Smile. You’re on candid camera, and it might have just saved your life.

North Shore Rescue saved an out-of-bounds skier Wednesday after the team’s motion sensor camera captured him at an emergency rescue cache and alerted search managers.

The team has a few strategically placed caches, helipads and shelters across the North Shore where lost people can hunker down and wait for rescuers to arrive, including one at Montizambert Creek west of the Cypress Mountain Resort boundaries, said Stan Sovdat, search manager.

“It’s located over a very large cliff that has claimed a few people in the past,” he said.

On Wednesday afternoon, a man called Cypress Mountain Resort to say he was lost, which triggered a relay of calls with his wife, who could help with Chinese translation, and the West Vancouver Police Department.

But North Shore Rescue members were already beginning plans to get the man out because the cache’s motion-sensing camera spotted him and emailed photos to the team’s leadership.

“We actually had images of a single person climbing up the slope,” Sovdat said. “He was looking at the camera.”

It’s the first time the camera has mobilized a response before the team had officially been tasked.

They soon connected with West Vancouver police and Sovdat reached the man over the phone, telling him to stay put. The safest way to get the skier out, he deemed, would be to land a Talon helicopter at the adjacent helipad.

Once safely on the ground, they interviewed the man and learned he’d ducked the rope at the Cypress boundary. When he realized he was lost and unlikely to make it back to the resort, he thought he’d follow the creek down to Highway 99 “not understanding the extensive cliffs below him and the massive, massive dangers for him of slipping, falling and killing himself,” Sovdat said.

Although some people are tempted to go outside the resort in search of fresh snow, the ropes are placed specifically to keep people out of potentially deadly terrain, Sovdat said.
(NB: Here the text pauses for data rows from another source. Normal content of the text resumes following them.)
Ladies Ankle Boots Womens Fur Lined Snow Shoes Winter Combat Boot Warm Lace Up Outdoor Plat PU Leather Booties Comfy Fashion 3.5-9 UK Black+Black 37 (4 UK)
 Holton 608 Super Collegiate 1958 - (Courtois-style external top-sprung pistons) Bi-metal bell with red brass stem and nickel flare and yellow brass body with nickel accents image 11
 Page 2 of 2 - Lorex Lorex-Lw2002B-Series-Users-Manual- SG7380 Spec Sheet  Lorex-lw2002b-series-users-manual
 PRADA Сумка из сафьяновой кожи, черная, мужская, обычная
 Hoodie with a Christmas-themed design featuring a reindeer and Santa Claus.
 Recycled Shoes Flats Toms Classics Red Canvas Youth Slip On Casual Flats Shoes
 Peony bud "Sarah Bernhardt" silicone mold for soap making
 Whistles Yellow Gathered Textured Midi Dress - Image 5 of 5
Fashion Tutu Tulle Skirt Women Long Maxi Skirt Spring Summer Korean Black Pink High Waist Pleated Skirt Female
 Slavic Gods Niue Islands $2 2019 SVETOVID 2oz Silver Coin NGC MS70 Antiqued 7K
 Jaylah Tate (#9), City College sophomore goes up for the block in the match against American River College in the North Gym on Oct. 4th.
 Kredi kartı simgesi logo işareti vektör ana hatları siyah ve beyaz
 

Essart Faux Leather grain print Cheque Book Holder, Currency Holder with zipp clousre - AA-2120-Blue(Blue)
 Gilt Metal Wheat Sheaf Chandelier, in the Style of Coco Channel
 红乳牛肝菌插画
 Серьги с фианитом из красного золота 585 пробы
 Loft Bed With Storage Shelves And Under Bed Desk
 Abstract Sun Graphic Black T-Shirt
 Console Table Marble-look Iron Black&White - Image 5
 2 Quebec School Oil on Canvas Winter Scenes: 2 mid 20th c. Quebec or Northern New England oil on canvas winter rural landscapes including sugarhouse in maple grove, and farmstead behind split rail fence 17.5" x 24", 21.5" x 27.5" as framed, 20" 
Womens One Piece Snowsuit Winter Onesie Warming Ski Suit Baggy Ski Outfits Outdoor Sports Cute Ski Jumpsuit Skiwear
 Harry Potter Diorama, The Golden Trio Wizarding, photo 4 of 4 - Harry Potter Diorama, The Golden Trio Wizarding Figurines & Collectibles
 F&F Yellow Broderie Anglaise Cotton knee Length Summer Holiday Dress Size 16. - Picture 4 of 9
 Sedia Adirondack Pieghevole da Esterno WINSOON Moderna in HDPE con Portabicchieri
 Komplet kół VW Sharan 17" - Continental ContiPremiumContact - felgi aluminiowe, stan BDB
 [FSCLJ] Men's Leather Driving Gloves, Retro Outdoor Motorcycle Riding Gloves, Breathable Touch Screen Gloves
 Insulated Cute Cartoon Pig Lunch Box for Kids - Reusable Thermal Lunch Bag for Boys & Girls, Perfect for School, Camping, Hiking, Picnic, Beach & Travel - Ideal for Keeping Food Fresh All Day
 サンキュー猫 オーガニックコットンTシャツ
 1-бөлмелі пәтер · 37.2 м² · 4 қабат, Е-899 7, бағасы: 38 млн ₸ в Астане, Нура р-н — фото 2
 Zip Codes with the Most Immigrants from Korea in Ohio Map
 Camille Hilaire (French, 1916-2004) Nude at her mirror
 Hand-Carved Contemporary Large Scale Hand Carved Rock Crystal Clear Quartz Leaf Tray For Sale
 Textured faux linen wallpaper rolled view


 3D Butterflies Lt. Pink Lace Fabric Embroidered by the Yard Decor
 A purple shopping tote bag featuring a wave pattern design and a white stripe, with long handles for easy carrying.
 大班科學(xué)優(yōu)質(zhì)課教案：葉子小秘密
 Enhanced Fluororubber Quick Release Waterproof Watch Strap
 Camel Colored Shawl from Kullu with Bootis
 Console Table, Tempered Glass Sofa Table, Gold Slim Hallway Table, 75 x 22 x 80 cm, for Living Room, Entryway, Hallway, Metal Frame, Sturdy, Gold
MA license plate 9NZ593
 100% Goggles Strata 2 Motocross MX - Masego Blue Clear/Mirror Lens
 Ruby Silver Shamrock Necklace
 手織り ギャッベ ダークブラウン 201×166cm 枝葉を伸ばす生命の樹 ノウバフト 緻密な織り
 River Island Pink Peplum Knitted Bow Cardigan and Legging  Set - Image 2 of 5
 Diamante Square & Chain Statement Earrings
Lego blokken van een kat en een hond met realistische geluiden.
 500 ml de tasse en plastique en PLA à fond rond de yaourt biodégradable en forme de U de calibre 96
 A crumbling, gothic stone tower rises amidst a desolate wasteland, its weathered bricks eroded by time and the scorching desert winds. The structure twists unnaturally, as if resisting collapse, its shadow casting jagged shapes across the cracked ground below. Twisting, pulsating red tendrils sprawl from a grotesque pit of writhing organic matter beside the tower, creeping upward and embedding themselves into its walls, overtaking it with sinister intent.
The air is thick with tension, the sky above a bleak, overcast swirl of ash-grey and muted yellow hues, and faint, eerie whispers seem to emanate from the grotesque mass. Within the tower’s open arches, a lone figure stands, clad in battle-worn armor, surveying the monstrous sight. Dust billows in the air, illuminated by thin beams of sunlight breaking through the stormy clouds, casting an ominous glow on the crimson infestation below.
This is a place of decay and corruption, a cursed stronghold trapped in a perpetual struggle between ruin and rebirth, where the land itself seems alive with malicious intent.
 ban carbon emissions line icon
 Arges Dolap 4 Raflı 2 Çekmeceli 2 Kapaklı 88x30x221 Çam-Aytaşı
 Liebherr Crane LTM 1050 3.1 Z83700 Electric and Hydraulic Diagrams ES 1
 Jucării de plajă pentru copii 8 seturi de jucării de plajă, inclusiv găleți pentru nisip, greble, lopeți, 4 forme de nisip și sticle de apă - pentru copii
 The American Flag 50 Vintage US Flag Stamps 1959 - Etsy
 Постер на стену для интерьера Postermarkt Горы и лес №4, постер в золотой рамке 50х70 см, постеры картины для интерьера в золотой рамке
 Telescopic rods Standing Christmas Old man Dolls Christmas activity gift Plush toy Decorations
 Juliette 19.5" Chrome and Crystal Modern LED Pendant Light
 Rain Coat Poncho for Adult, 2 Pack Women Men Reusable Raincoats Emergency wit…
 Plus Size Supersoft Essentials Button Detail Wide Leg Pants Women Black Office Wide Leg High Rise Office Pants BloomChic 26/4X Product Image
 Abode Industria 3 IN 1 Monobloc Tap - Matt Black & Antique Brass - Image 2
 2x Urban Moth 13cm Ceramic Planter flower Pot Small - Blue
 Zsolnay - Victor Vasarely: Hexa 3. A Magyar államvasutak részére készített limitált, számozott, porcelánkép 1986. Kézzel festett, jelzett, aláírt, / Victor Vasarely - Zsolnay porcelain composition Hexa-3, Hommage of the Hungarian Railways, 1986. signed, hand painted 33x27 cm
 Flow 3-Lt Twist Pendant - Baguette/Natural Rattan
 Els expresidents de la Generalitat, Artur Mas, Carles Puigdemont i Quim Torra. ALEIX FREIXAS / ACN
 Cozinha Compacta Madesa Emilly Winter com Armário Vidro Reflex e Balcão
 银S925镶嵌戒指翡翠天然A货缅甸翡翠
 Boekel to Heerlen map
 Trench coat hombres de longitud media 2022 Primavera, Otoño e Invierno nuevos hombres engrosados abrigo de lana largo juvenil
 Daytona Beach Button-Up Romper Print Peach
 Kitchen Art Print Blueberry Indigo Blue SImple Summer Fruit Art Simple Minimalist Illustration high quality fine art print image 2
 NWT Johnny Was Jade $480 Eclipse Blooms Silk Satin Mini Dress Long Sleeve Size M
“He was healthy and uninjured, but learned a few lessons,” he added.

And, in the North Shore Mountains, going downhill almost always leads to greater danger for the person who is lost and greater risk for rescuers trying to get them out, Sovdat said.

“It always funnels into canyons and really dense vegetation and steep, steep cliffs,” he said.

The Montizambert cache and helipad were paid for by the family of Tom Billings, a visitor from England who disappeared while hiking in the North Shore Mountains in 2014, prompting a massive search effort. His remains were found off the Howe Sound Crest Trail two years later.

Wednesday's rescue came one year to the day after the cache was first put to use by the team, when they were called to rescue a snowboarder who followed the same route into danger.

Sovdat said the team keeps in touch with the Billings family and will let them know that their donation has likely saved a life for the second time.